The Board of Directors of Leonardo-Finmeccanica approves the merger by incorporation of Sirio Panel
The Board of Directors of Leonardo-Finmeccanica today approved the plan of merger by incorporation of its wholly-owned subsidiary Sirio Panel S.p.A. into Leonardo-Finmeccanica.
The proposed operation, which is part of the reorganization process already undertaken by the Company, aims to meet the objective of organizational efficiency as well as the strategic optimization and rationalization which began with the “One Company” project, and with the adoption of the divisionalization model. As of January 1st 2016, the Company has centralized the coordination and management of the activities of its subsidiaries operating in the core business of the Aerospace, Defence and Security, by implementing a new organizational structure thus enabling a more efficient and effective model. In this context, in particular, the merged company is already integrated within the perimeter of business of Leonardo-Finmeccanica, operating within the Airborne and Space Systems Division: the decision for the merger addresses the need to enhance the expertise and specific knowledge gained by the company, within the framework of a more robust and structured business environment with the necessary economic and financial stability.

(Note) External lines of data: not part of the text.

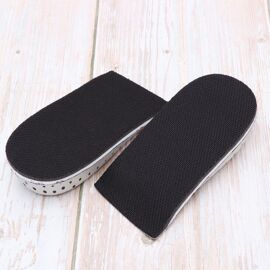Talonnettes Grandissantes De 2 Cm. Coussinet Invisible Pour Chaussures Hommes Et Femmes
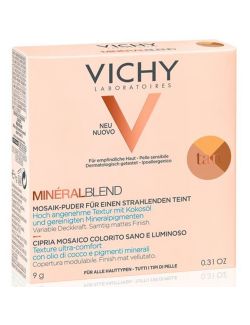 Vichy Mineralblend Compacto Tono Tan 9G
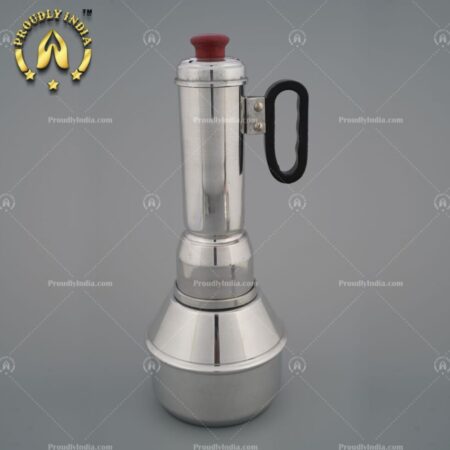 Stainless Steel Puttu Kudam, Puttu Maker.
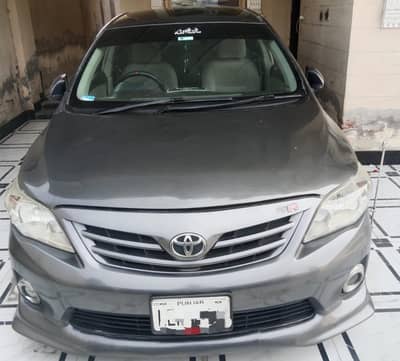 Toyota Corolla Altis 2008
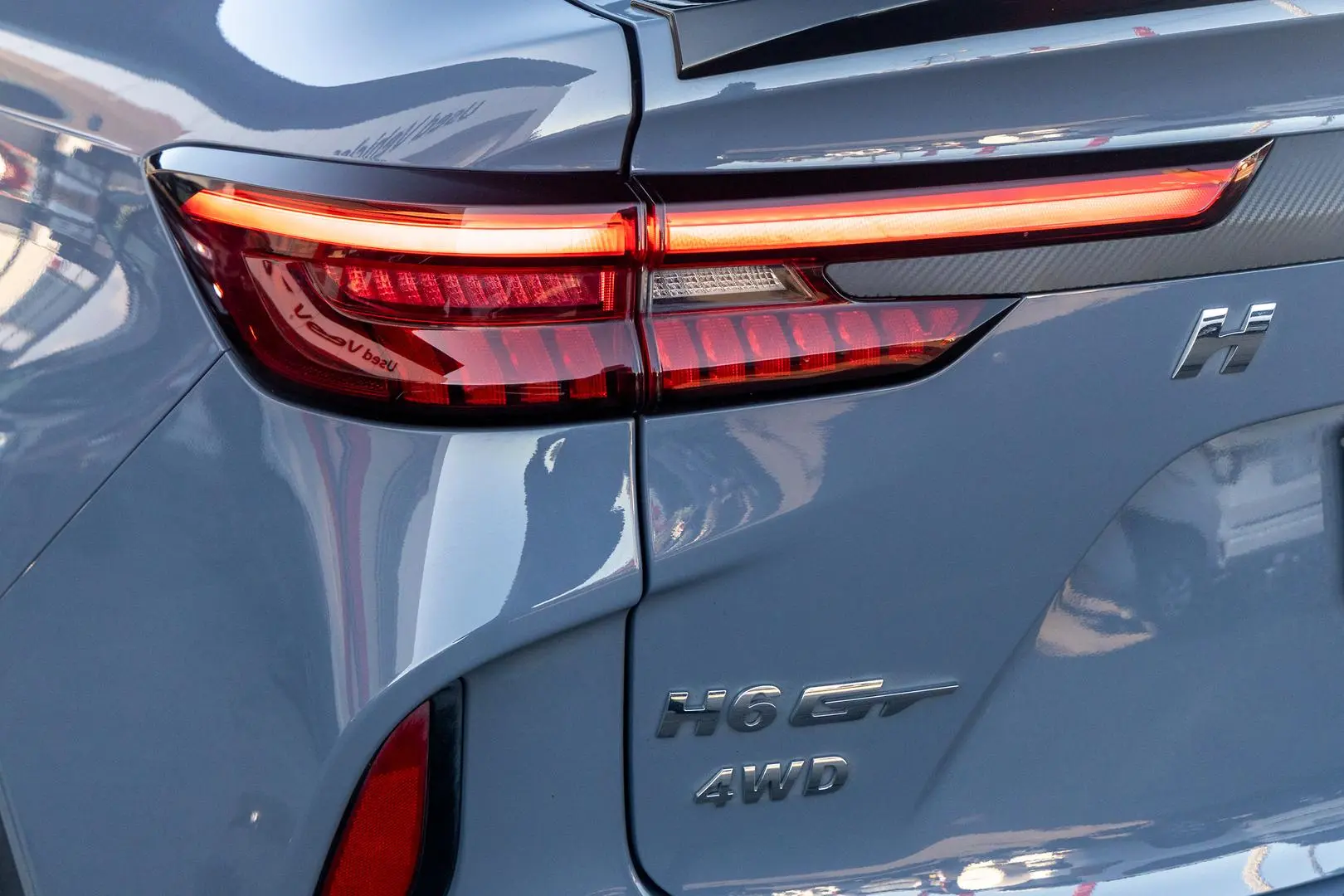 2023 GWM Haval H6GT Gallery Image 21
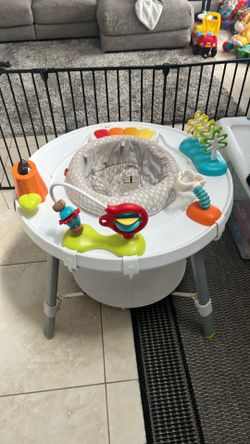 Baby jumper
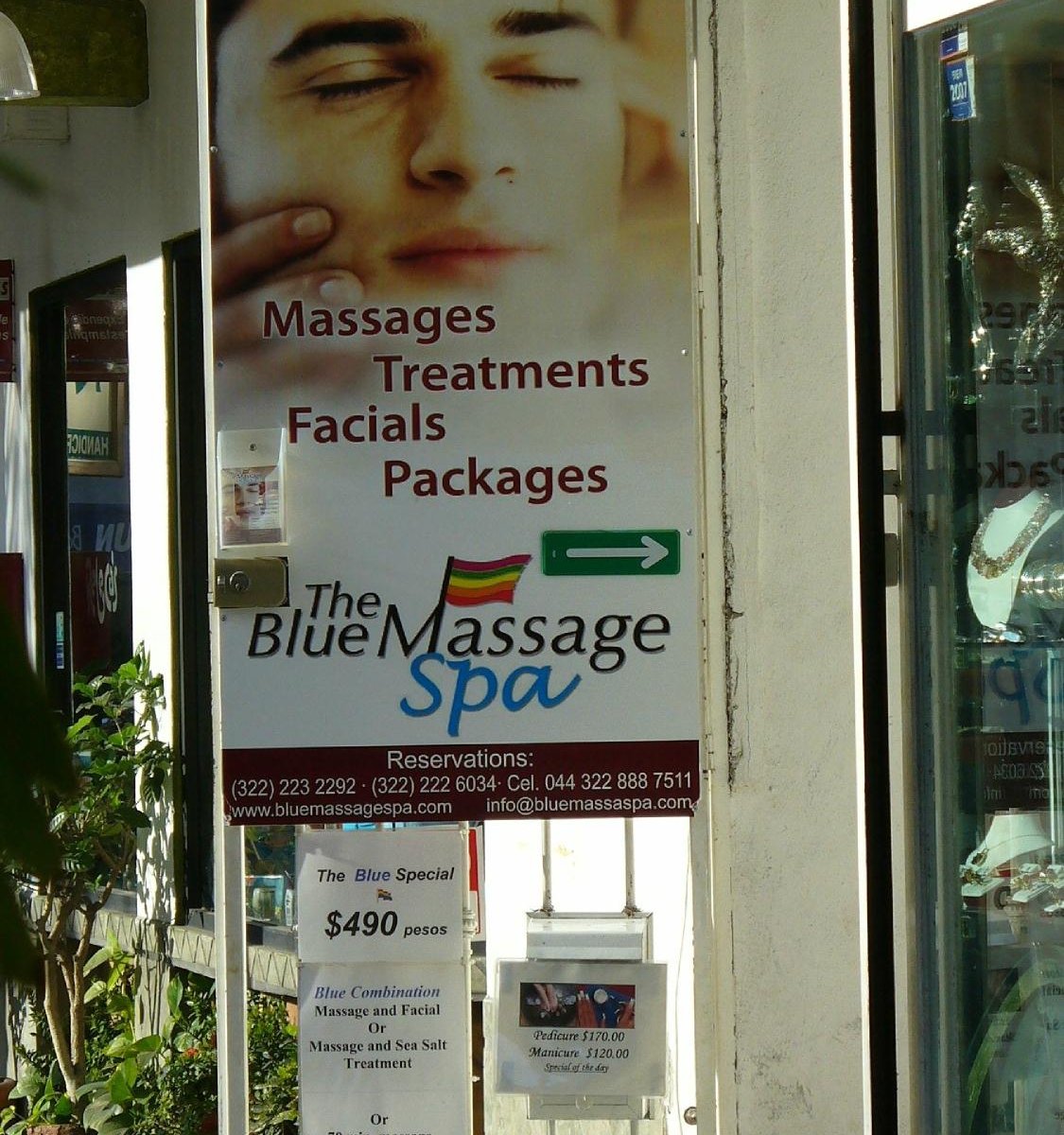 Blue Massage puerto vallarta - All You Need to Know BEFORE You Go (2024)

Today, the merger by incorporation plan was also approved by the Board of Directors of Sirio Panel S.p.A.
Subsequently, in line with current regulations, the merger operation will be submitted both to the extraordinary Shareholders’ Meeting of the company involved and to the Board of Directors of Leonardo-Finmeccanica (as permitted by law and by the Articles of Association). The merger operation - which benefits from the simplified provisions concerning the absorption of wholly owned companies - is based on the most recent financial statements approved by each company (Financial Statements as of 31 December 2015), and will be effective - also for tax and accounting purposes - from January, 1 2017. Moreover, Leonardo-Finmeccanica, as the sole shareholder of the company involved, will not issue new shares or assign company shares. Furthermore, the Leonardo-Finmeccanica Articles of Association will not be amended. The relevant documentation will promptly be made publicly available according to the terms and conditions set out in the applicable regulations.
Finally, it should be clarified that the above mentioned operation (“of lesser importance”) is exempt from the application of the “Procedure for Related Parties Transactions” adopted by the Board of Directors of Leonardo-Finmeccanica, concerning the operations put in place with subsidiaries, pursuant to art. 14, paragraph 2 of Consob Regulation No. 17221/2010, as amended and supplemented, and to art. 11.2, letter e) of the above mentioned Procedure.